60. Contribución a la poesía blog

    Que no engañen mis palabras. 
    Que no engañen mis palabras a todo aquel que lea.
    Que no engañen mis palabras a todo aquel que escuche.
    En el fondo soy un hombre tierno,
    por eso antes de follarme a tu mujer,
    me he follado a mi osito de peluche.


23/8/21

59. Sumisas y devotas

    Restituta tenía un nombre más feo que el incesto entre dos hermanos subnormales. No así como su atractivo, que sin ella saberlo, la convertía en musa de las masturbaciones secretas de la mayoría de hombres y mujeres que la conocían. Vivía en un pueblo primitivo de la puta España rural. Corría el año 1940 y la vida era jodida. Si eras mujer, más. Un día inopinado, Restituta se convirtió en la admiración muda de muchas mujeres del pueblo, y en el objetivo a eliminar del patriarcado imperante, cuando le propinó una patada escrotal a su marido, Bardomiano — feo como una cópula zoofílica—, por no comerle el coño con la frecuencia e intensidad debidas.

    Bastante tenía ella con ser, día tras día, ese mero envoltorio donde poder meterla Bardomiano cuando se le antojara, para encima tener que renunciar a tan merecido placer. Qué menos que una demostración sincera de amor de, al menos, cinco veces por semana ante tanto sacrificio ninguneado y servil. Pero Bardomiano descuidó el siempre necesario sexo oral para con su mujer y recibió su merecido.
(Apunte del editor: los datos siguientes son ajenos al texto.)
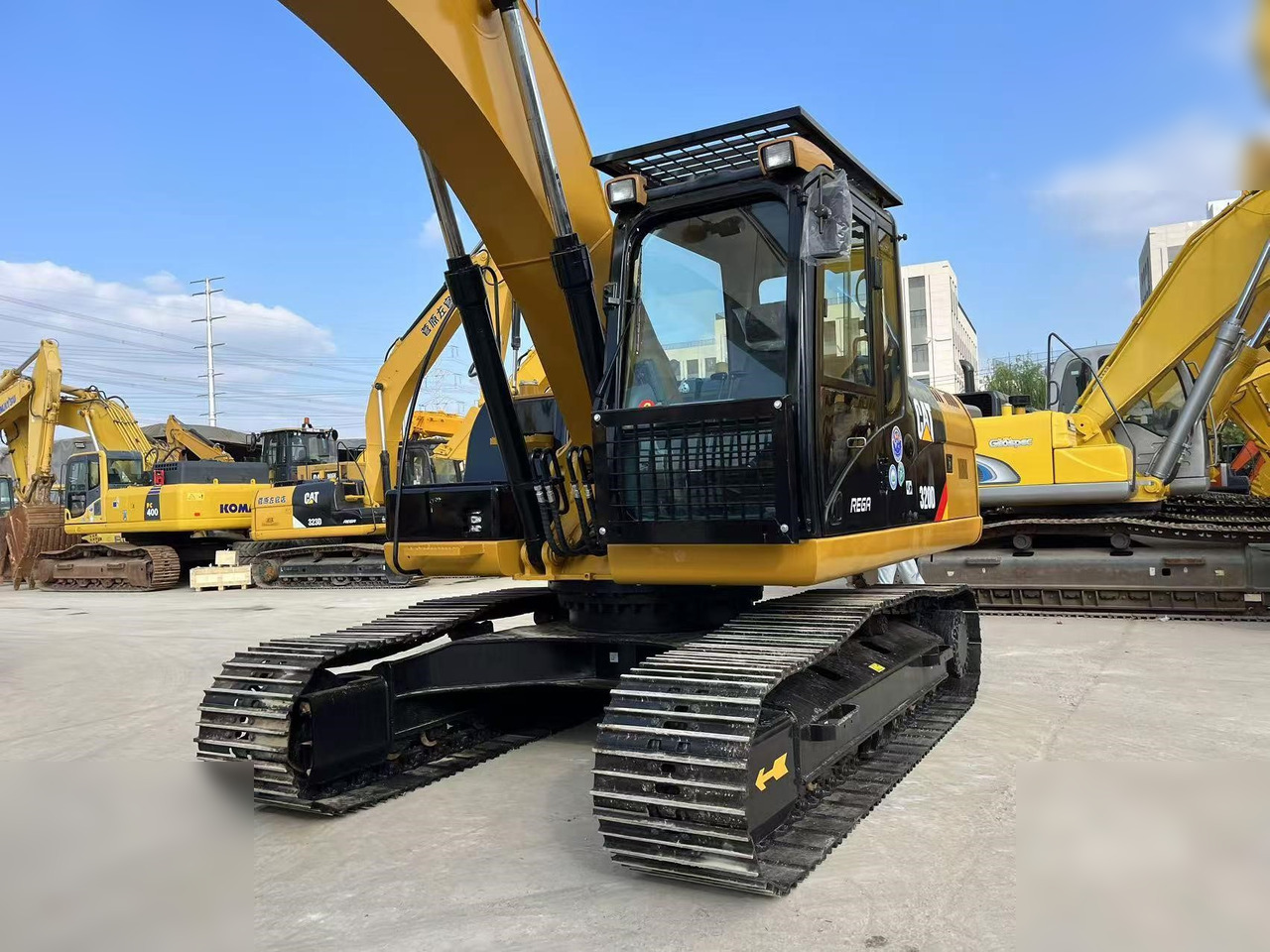 CATERPILLAR 320D - Kāpurķēžu ekskavators: foto 5 CATERPILLAR 320D - Kāpurķēžu ekskavators: foto 5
Ante aquel hecho osado e insólito, se desataron un sinfín de habladurías enconadas que se propagaron de puerta en puerta hasta sobrepasar el extrarradio.

    La situación era ya irreversible y el mecanismo de la opresión patriarcal-fascista se puso en funcionamiento. Los tres poderes intocables del pueblo: maestro de escuela, médico y cura, junto con la puta de los tres, el alcalde, resolvieron apresar a Restituta y presentarla, con el fin de un escarmiento ejemplarizante, al máximo poder, ya no del pueblo, sino de la época: los verdes tricorniados. Mientras Restituta permanecía tras unos barrotes, los poderes se reunieron en el ayuntamiento para exponer sus argumentos y llegar a un consenso.
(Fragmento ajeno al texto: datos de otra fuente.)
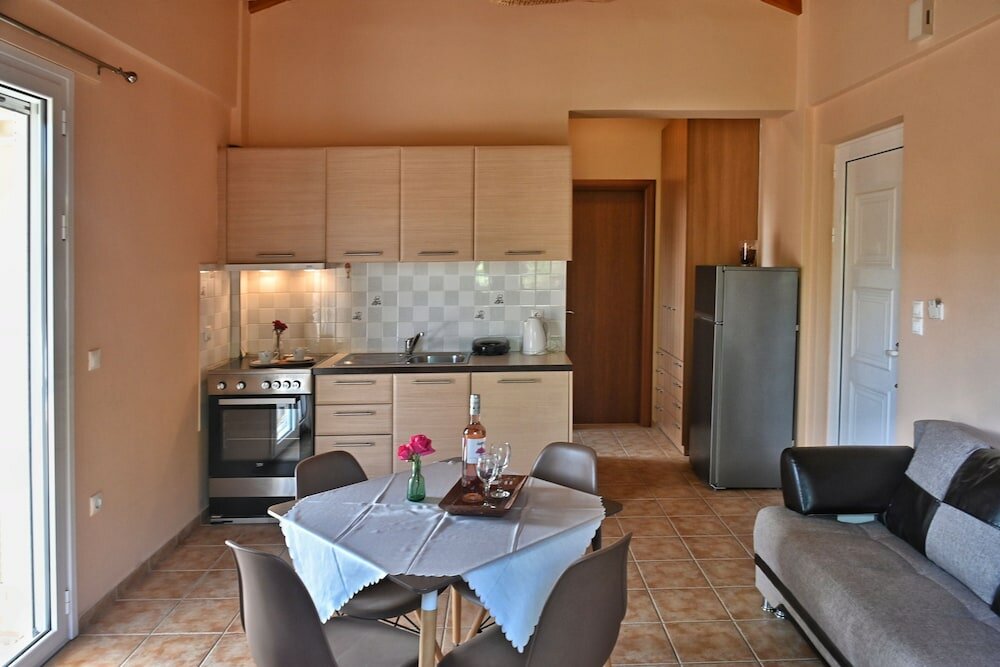 Фото Lagouvardos Apartments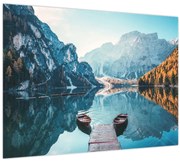 Tablou pe sticlă - Bărci pe Lacul Braies (70x50 cm)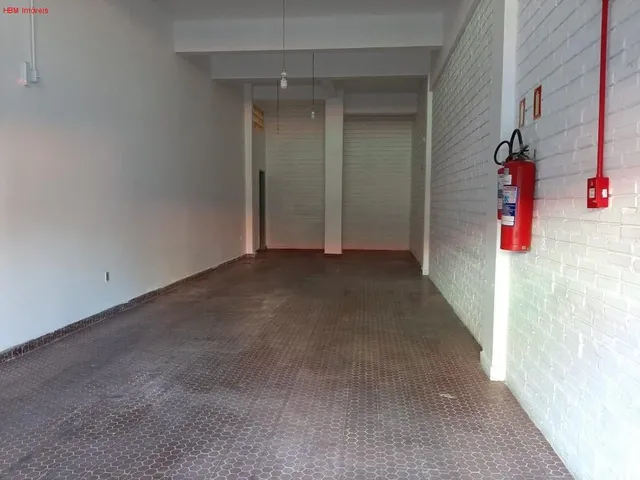 Imagem 6: Loja Comercial em Ótima Localização. Amplo Espaço com Pé Direito Alto. Agende Visita
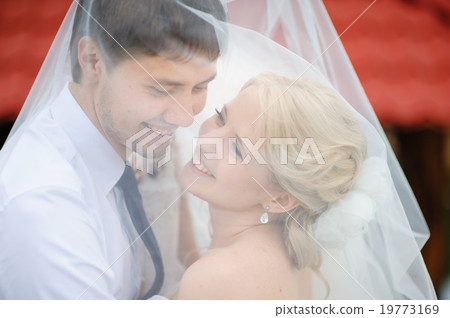love the bride and groom are covered with a veil love the bride and groom are covered with a veil 19773169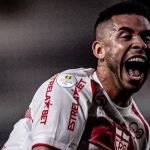CRB aproveita vantagem numérica, vence e ultrapassa a Ponte Preta na Série B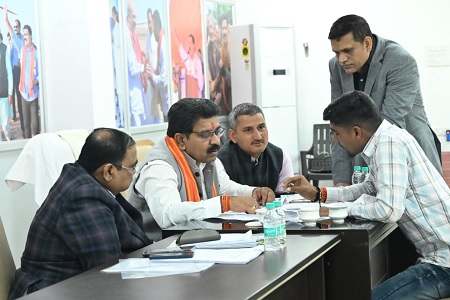 आरक्षक भर्ती प्रक्रिया में पारदर्शिता के लिए शासन पूरी तरह प्रतिबद्ध - उपमुख्यमंत्री श्री विजय शर्मा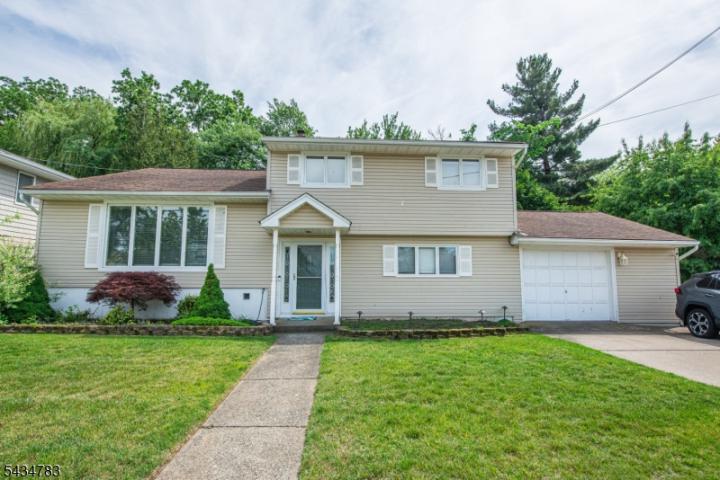 Photo of 319 Winifred Drive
    El maestro de escuela arguyó que Restituta era una mala estudiante, siempre reacia a las enseñanzas que se impartían por orden del alto mando. El médico sostuvo que la mujer padecía una dolencia mental, con toda probabilidad incurable. Y el cura dijo que, salvo rezar por el arrepentimiento y perdón de aquella oveja descarriada, nada más podía hacer, pues solo al Señor le corresponde juzgar y aplicar justo castigo. El alcalde expresó su deseo de que aquel asunto se zanjara lo antes posible de la manera que fuera, que tenía que hacer la siesta. Y el picoleto sentenció que el asunto se arreglaba como se arregla todo.
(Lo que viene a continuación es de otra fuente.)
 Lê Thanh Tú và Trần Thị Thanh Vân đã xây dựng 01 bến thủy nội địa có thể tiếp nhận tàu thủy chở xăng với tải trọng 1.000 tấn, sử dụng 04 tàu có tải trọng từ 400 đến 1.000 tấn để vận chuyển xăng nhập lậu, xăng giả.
    Así pues, aquella oligarquía de hijos de puta, mejor alimentados y con mayores bienes que el resto de habitantes del pueblo, concluyeron que la solución era el tiro en la frente y el olvido en la cuneta.

    El franquismo también se trataba de reprimir y anular, fuera con la muerte o mediante vejaciones y tortura, cualquier atisbo de empoderamiento femenino.